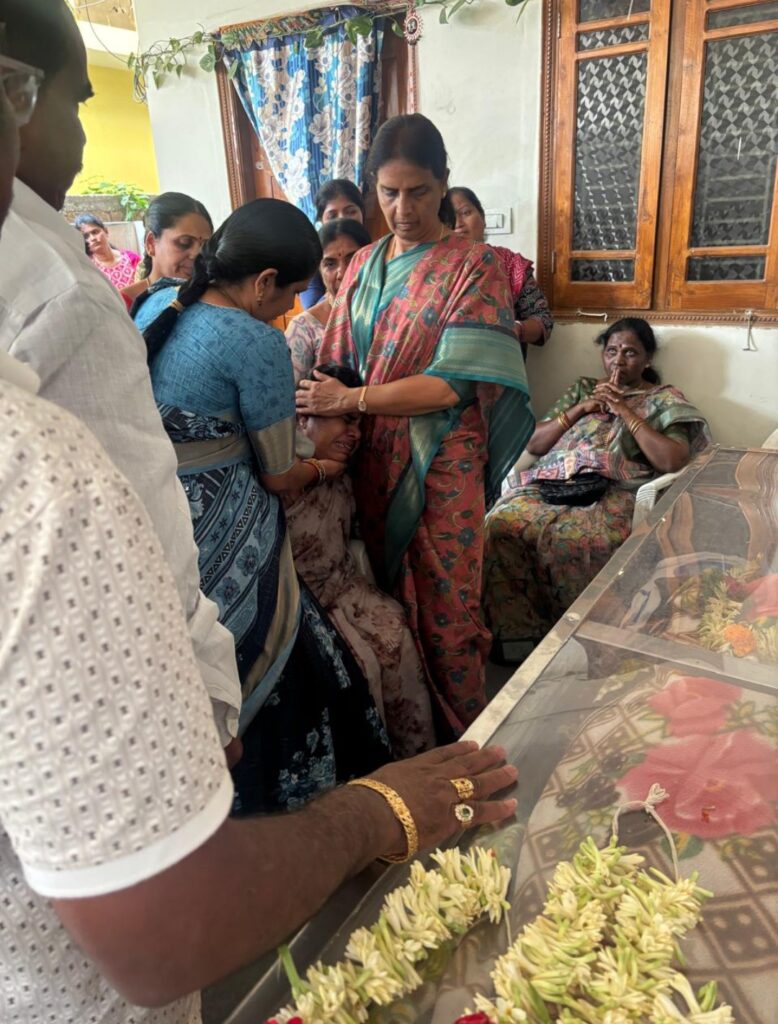 కీర్తనకు ఘన నివాళులర్పించిన ఎమ్మెల్యే సబితా ఇంద్రారెడ్డి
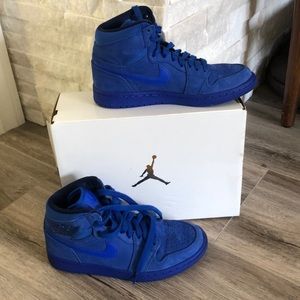 Air Jordan’s blue void / racer blue / royal blue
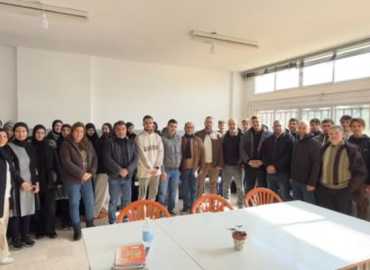 العتبة الرضوية المقدسة تهدي ألبسة شتوية لطلاب شقرا ودوبيه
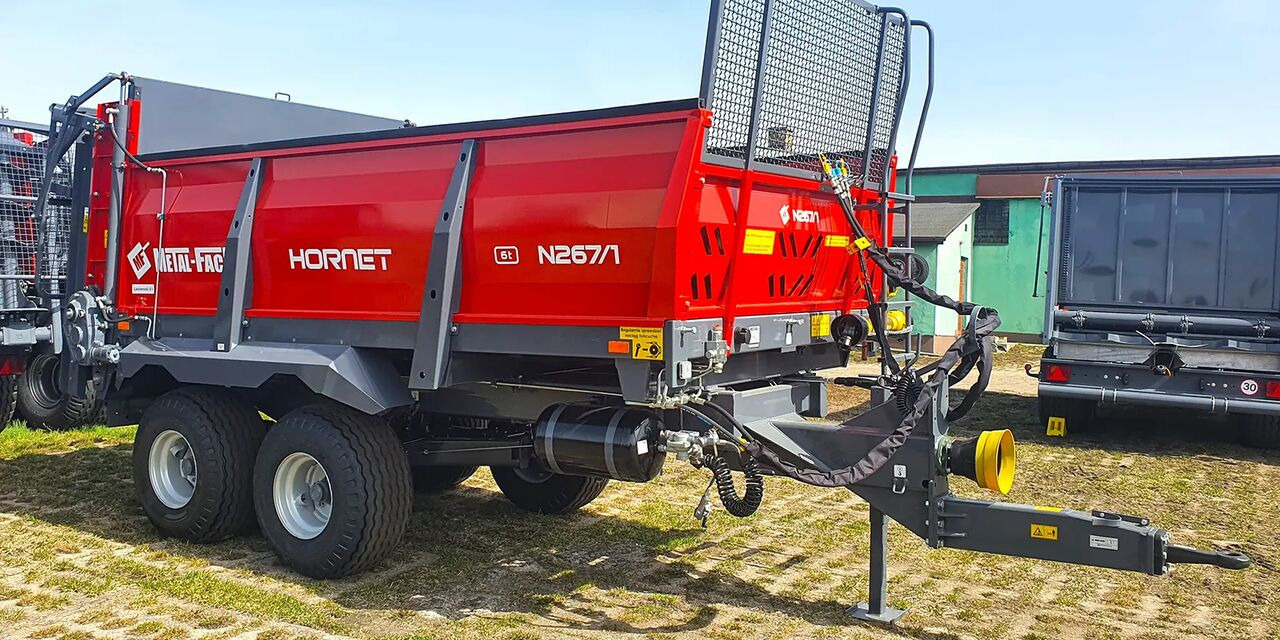 Metal-Fach N267/1 6t - Κοπροδιανομέας: φωτογραφία 1 Metal-Fach N267/1 6t - Κοπροδιανομέας: φωτογραφία 1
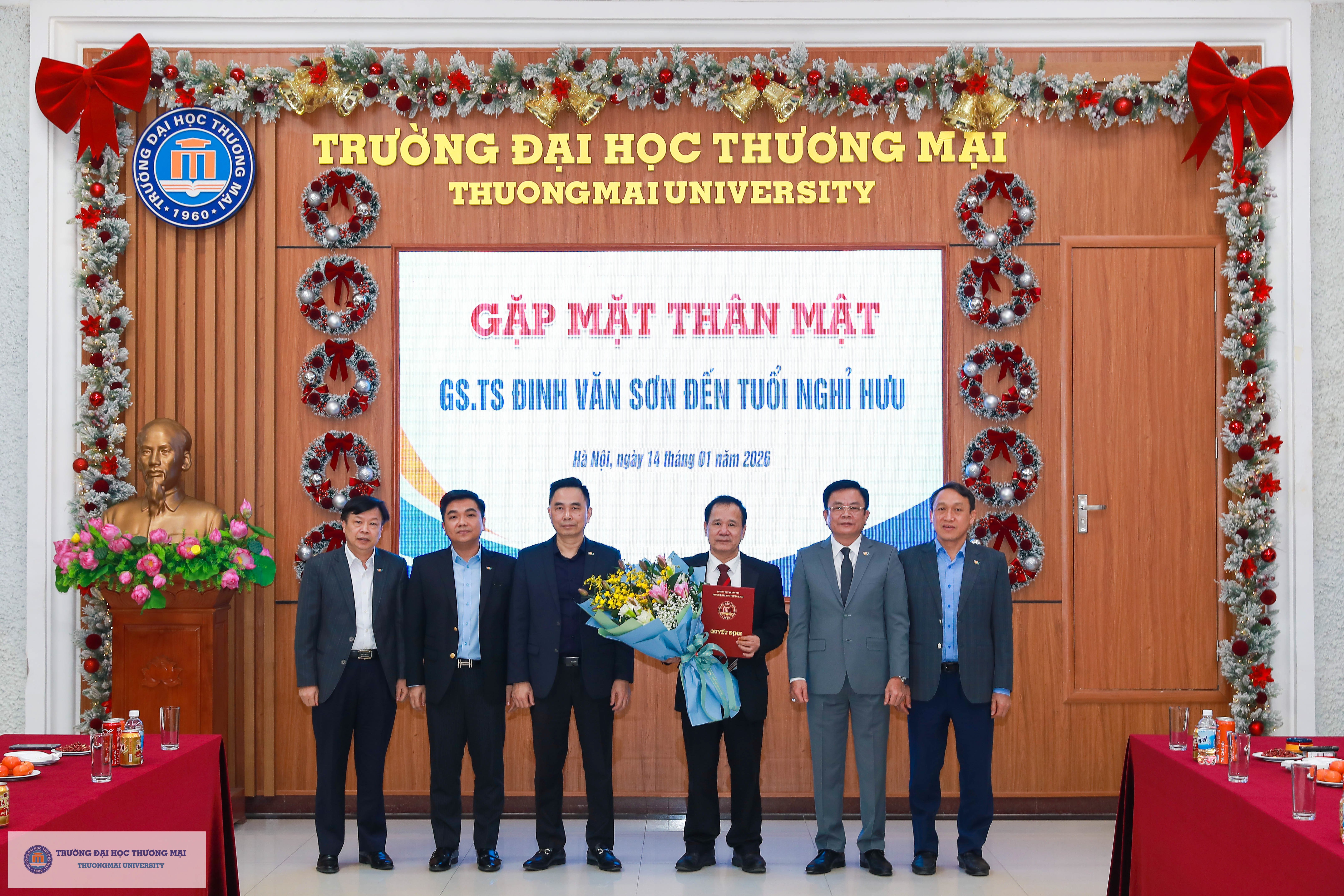 Gặp mặt thân mật và trao quyết định nghỉ hưu cho GS,TS. Đinh Văn Sơn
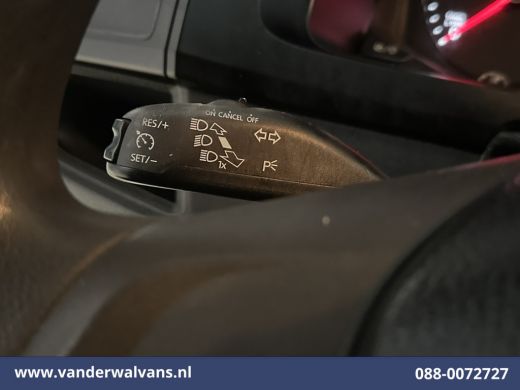 Volkswagen Transporter 2.0 TDI 150pk L2H1 Glasresteel Euro6 Airco | Imperiaal | 2500kg Trekhaak Bijrijdersbank, Sidebars... ActivLease financial lease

■ **WHAT THE TASK REQUIRES**
Restate the listing above word for word, and skip the pictures.

■ **RESULT OF THIS TASK**
 కీర్తనకు ఘన నివాళులర్పించిన ఎమ్మెల్యే సబితా ఇంద్రారెడ్డి
 Air Jordan’s blue void / racer blue / royal blue
 العتبة الرضوية المقدسة تهدي ألبسة شتوية لطلاب شقرا ودوبيه
 Metal-Fach N267/1 6t - Κοπροδιανομέας: φωτογραφία 1 Metal-Fach N267/1 6t - Κοπροδιανομέας: φωτογραφία 1
 Gặp mặt thân mật và trao quyết định nghỉ hưu cho GS,TS. Đinh Văn Sơn
 Volkswagen Transporter 2.0 TDI 150pk L2H1 Glasresteel Euro6 Airco | Imperiaal | 2500kg Trekhaak Bijrijdersbank, Sidebars... ActivLease financial lease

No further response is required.